At 8 pm on September 1st, speaking from the IndependenceNational Historical Park in Philadelphia, US President Joe Biden went on the offensive.
Setting the rhetorical stage for the upcoming midterm elections, he targeted what he called “MAGA Republicans” in his blistering remarks.
“Too much of what’s happening in our country today is not normal. Donald Trump and the MAGA Republicans represent extremism that threatens the very foundations of our republic,” Biden said.
He asserted that the entire Republican Party is now dominated by a narrow ideological fringe that refuses to recognize free and fair elections, openly discusses violence as a political strategy, and seeks to obstruct the will of the majority of Americans.
Biden’s speech may have been motivated by principle, but it was clearly also motivated by political calculation. An NBC News Poll last month revealed that “threats to democracy” are now seen as the most important issue facing the country, overtaking “cost of living.”
And the public opinion of Biden and of the Democratic Party more generally is on the upswing after a string of policy victories and in light of the Supreme Court’s Dobbs opinion to overturn Roe v. Wade.

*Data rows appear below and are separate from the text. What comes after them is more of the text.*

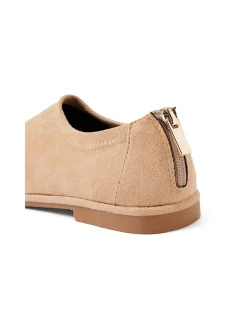 Racket Rear Zip Microsuede Flat Shoes
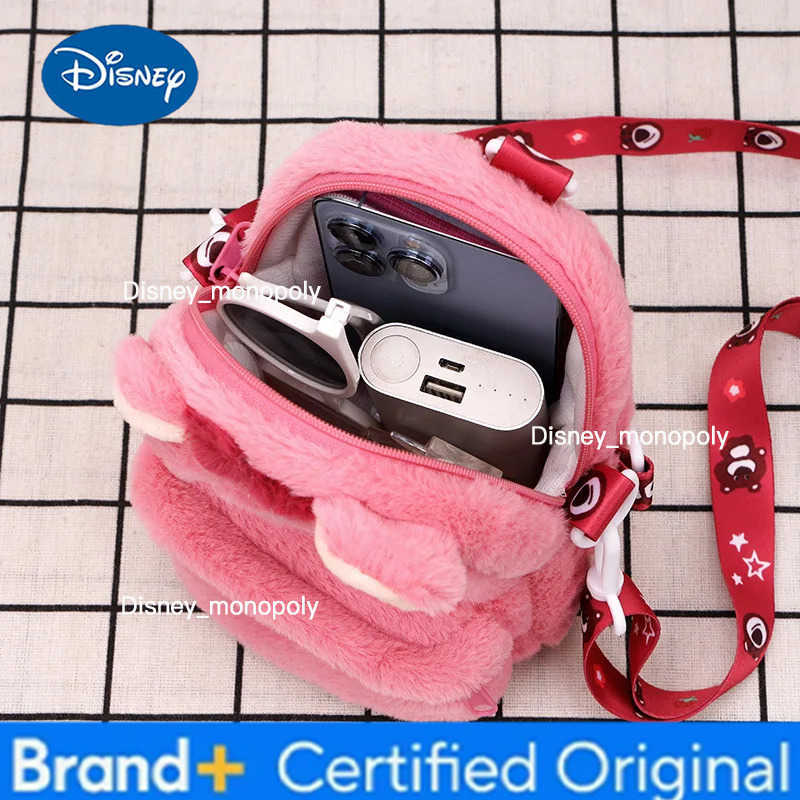 Disney Kawaii Plush Backpack Small Bag Cute Strawberry Bear Shoulder Bag Cartoon Monster University Sullivan Doll Bag H2512251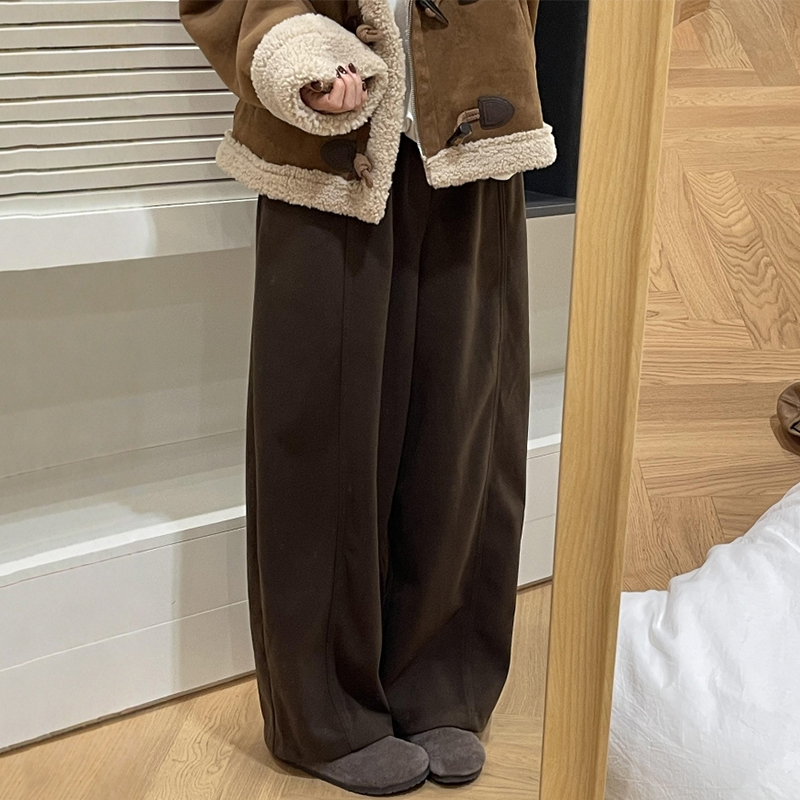 Maillard Brown Wool Wide-Leg Pants Winter Thickened Women Plus Size Casual Sweatpants - Image 4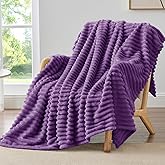 BEDELITE Fleece Throw Blanket for Couch - 300GSM Soft & Warm Fluffy Purple Blanket, Decorative and Giftable Striped Blankets for Women, Men, 50"x60"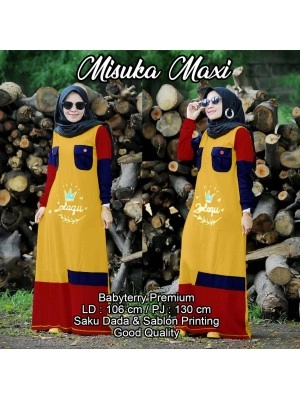 Baju Korea Hj Maxi Misuka Us Mustard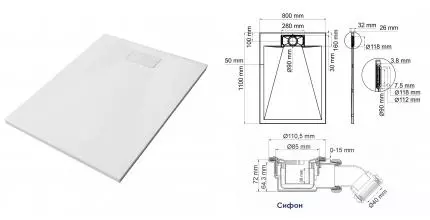 Душевой поддон «WasserKRAFT» Main 41T14 110/80 низкий стеклопластик прямоугольный белый Душевой поддон «WasserKRAFT» Main 41T14 110/80 низкий стеклопластик прямоугольный белый
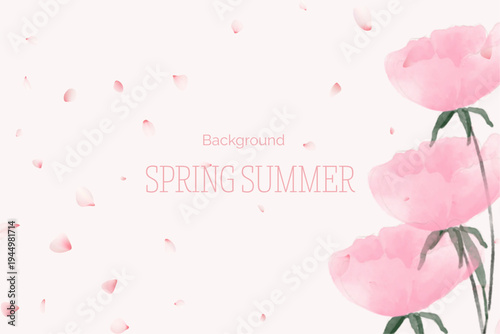 Spring floral in watercolor vector background. Luxury wallpaper design with pink flowers, line art, golden texture.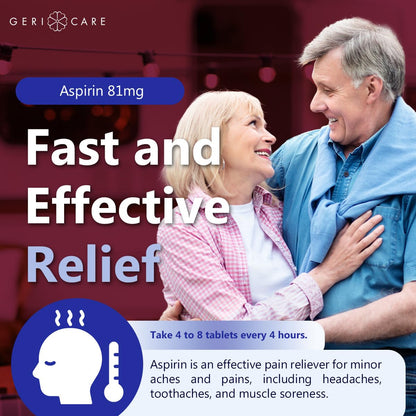 GeriCare low dose aspirin 300 tablets packaging showing secure tamper evident seal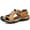 Gold, variant on Lopsie Mens Sandals Leather Beach Shoes Outdoor Comfort Breathable Fashion Slippers Handmade for Male Summer Sport Slip on Sandals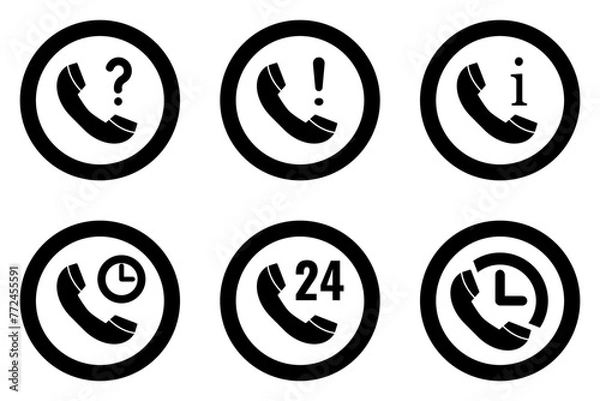 Fototapeta Customer service black vector icons set. Hotline symbols. Help desk signs.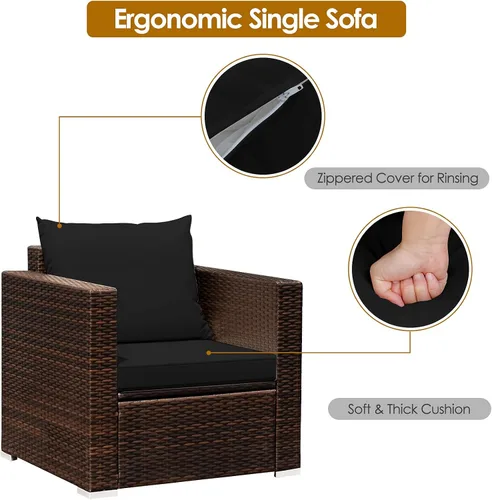 Vista 4 de RELAX4LIFE Juego de sofá de mimbre de 3 piezas, juego de sofá de ratán para patio al aire libre con cojines lavables y mesa de centro de vidrio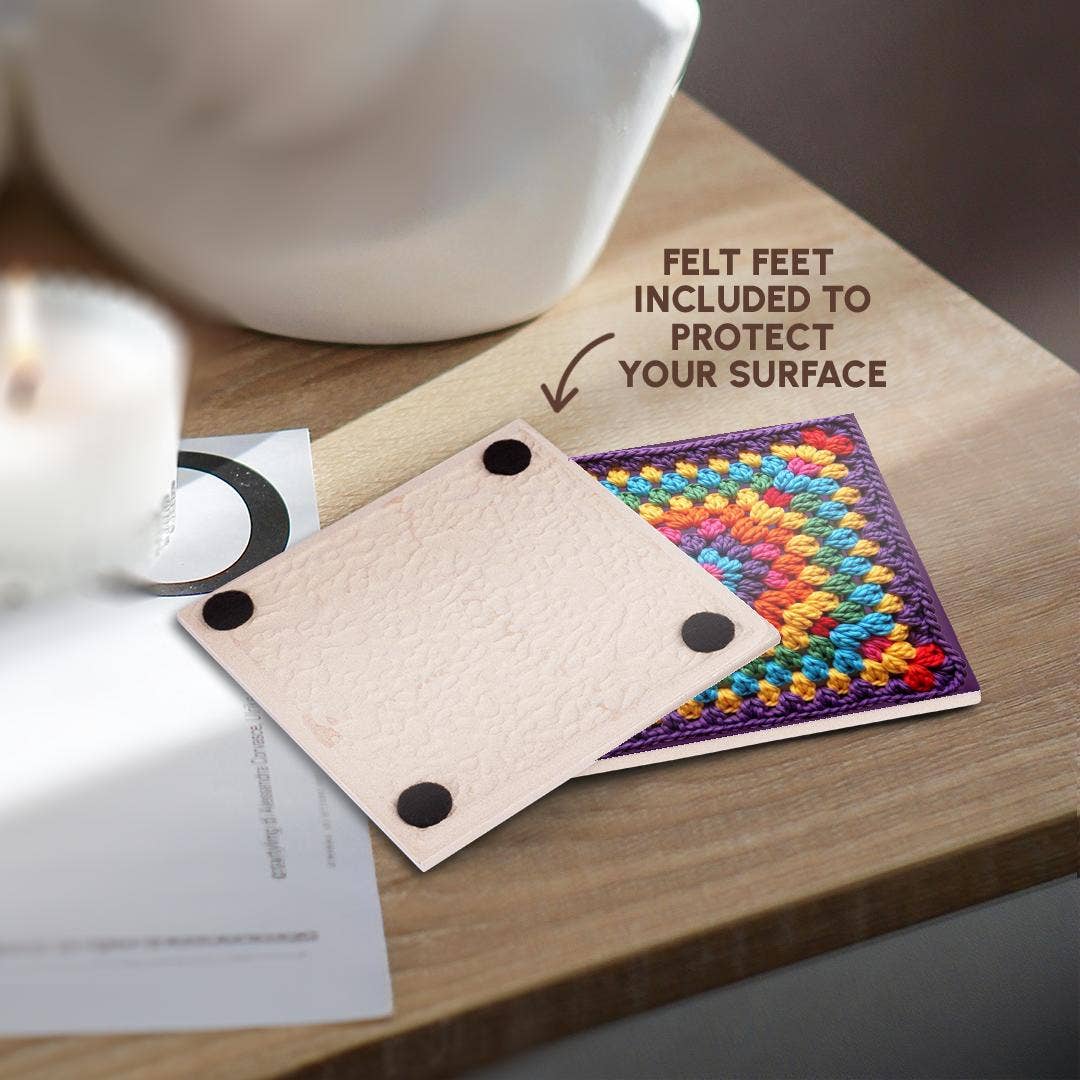 3dRose - Wholesale Coffee Mug - 3dRose, Granny Square Crochet Pattern Purple Edged Seventies Retro Pattern , Coaster3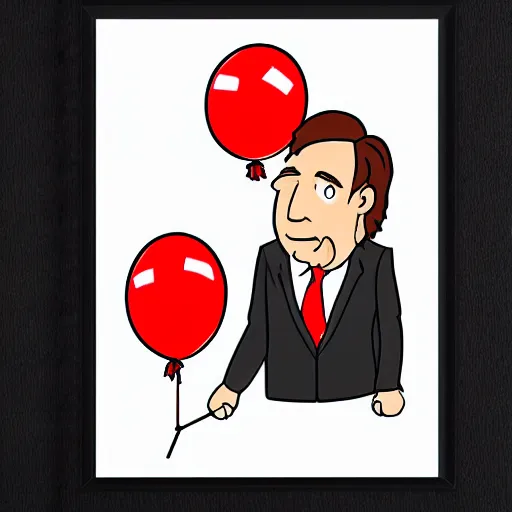 Image similar to saul goodman throwing dart at red ballon, cartoon drawing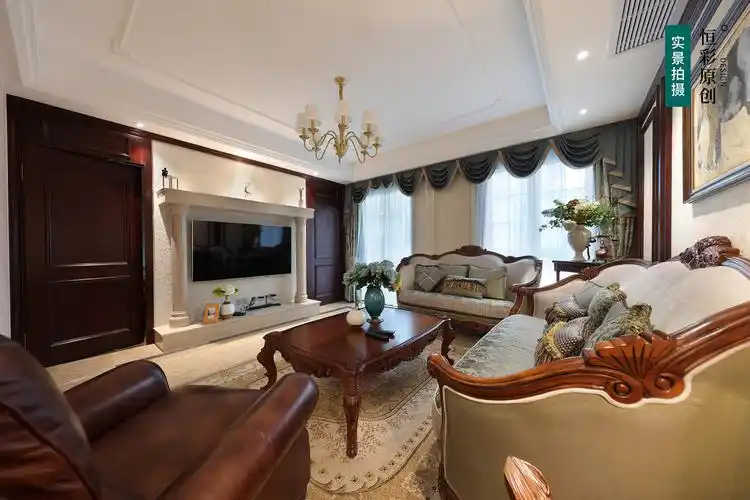 恒彩装饰 装修案例 > 杭州湘江公寓180㎡欧美风实景案例 玄关位于整个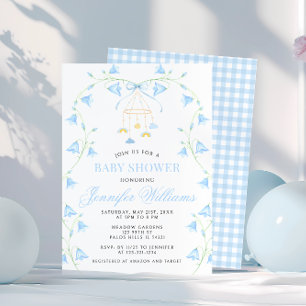Invitation Fête de bébé garçon Bluebell Blue Spring Flower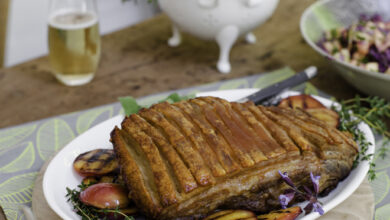 Slow roasted pork belly with crispy crackling - 14 AUG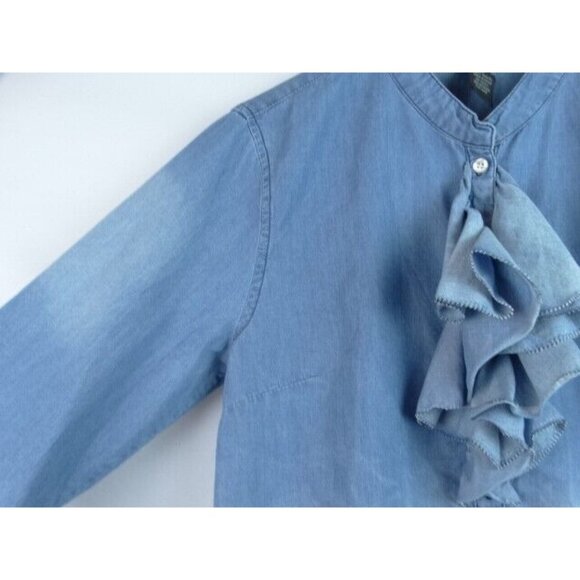 Grace Elements Women's Shirt Size Medium Blue Ruffle Long Sleeve Button Down Top - Picture 4 of 9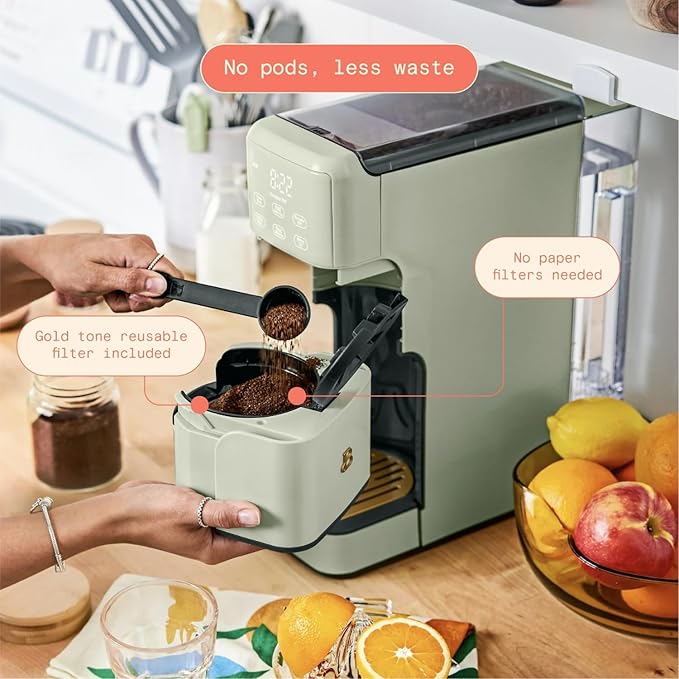 Beautiful Perfect Grind Programmable Single Serve Coffee Maker with Touch-activated Display, Programmable and Integrated Burr Grinder, 64oz Water Reservoir (Sage Green)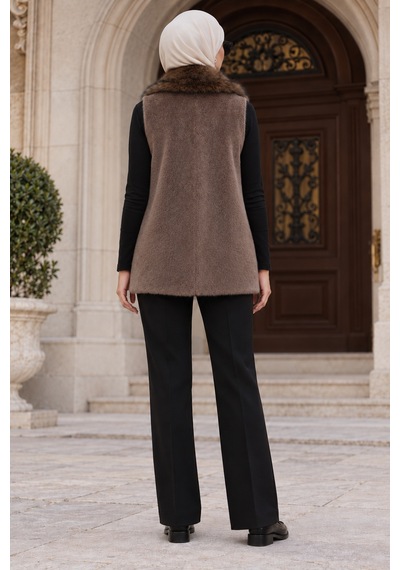 Sevitli Angora Cepli Yelek-kahve-6014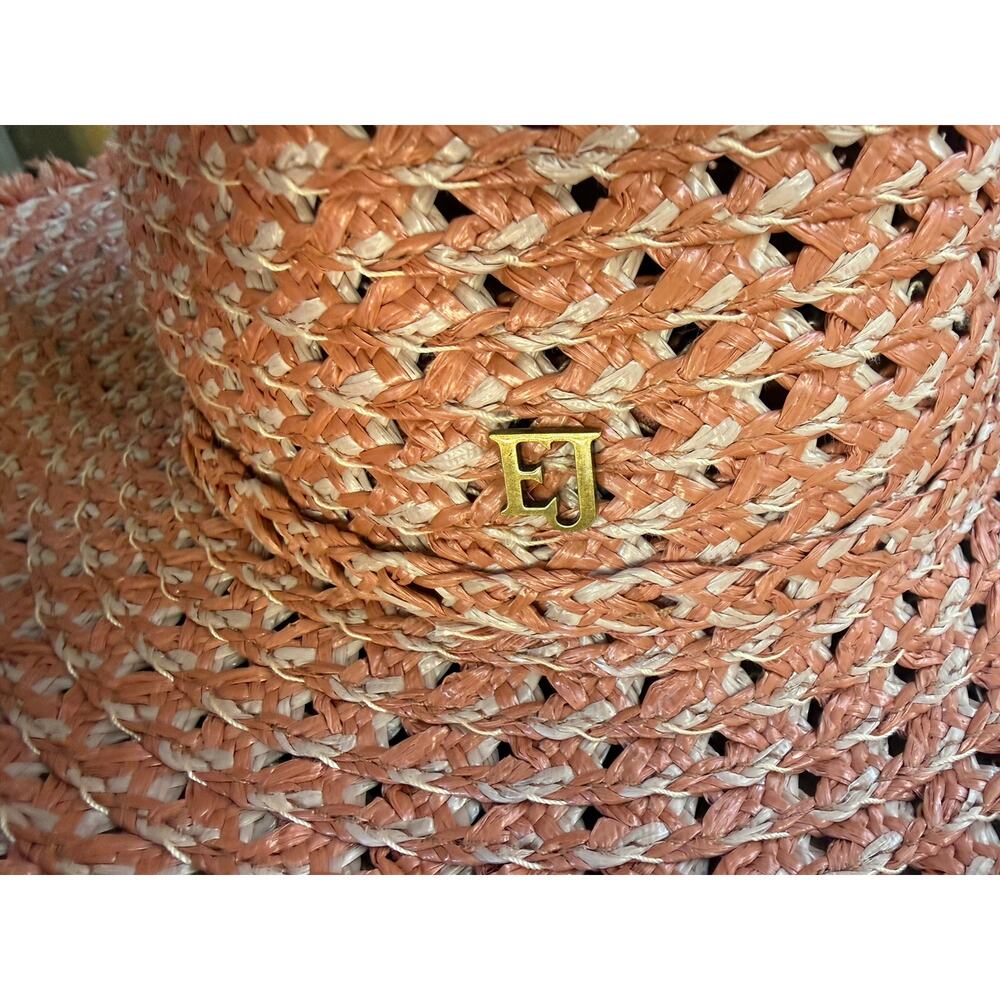 Eric Javits Raffia Sun Hat in Soft Orange Size Medium Vacation Beach - Picture 5 of 6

Here at Glimpse, we wanted to see beneath the headlines and the traditional multiple-choice polls to better understand public reactions, emotions, and sentiments regarding the speech. So we launched a quick study to 156 registered voters in the United States the morning after the speech. Within an hour, we got back a range of fascinating reactions, including raw and expressive opinions in the words of the respondents.
Here’s what we learned:
Taking a quick look at the Glimpse machine learning-powered NLP (Natural Language Processing) dashboard, we saw that the overwhelming emotion experienced by the audience was anger, either anger at MAGA Republicans or against Biden for attacking them.
Understanding the anger
Diving more deeply into the natural language audience responses, however, revealed important nuance to this anger.
Some of the comments were expected, like the remarks of self-identified registered Republicans who said, “[Biden] is nothing but a senile dictator,” or “Total insanity and hate speech.”
Or even, an opinion this extreme: “Joe Biden is a piece of ****. The Democratic party will be exterminated in the United States of America. They are a threat to democracy and are as evil as the Nazis.”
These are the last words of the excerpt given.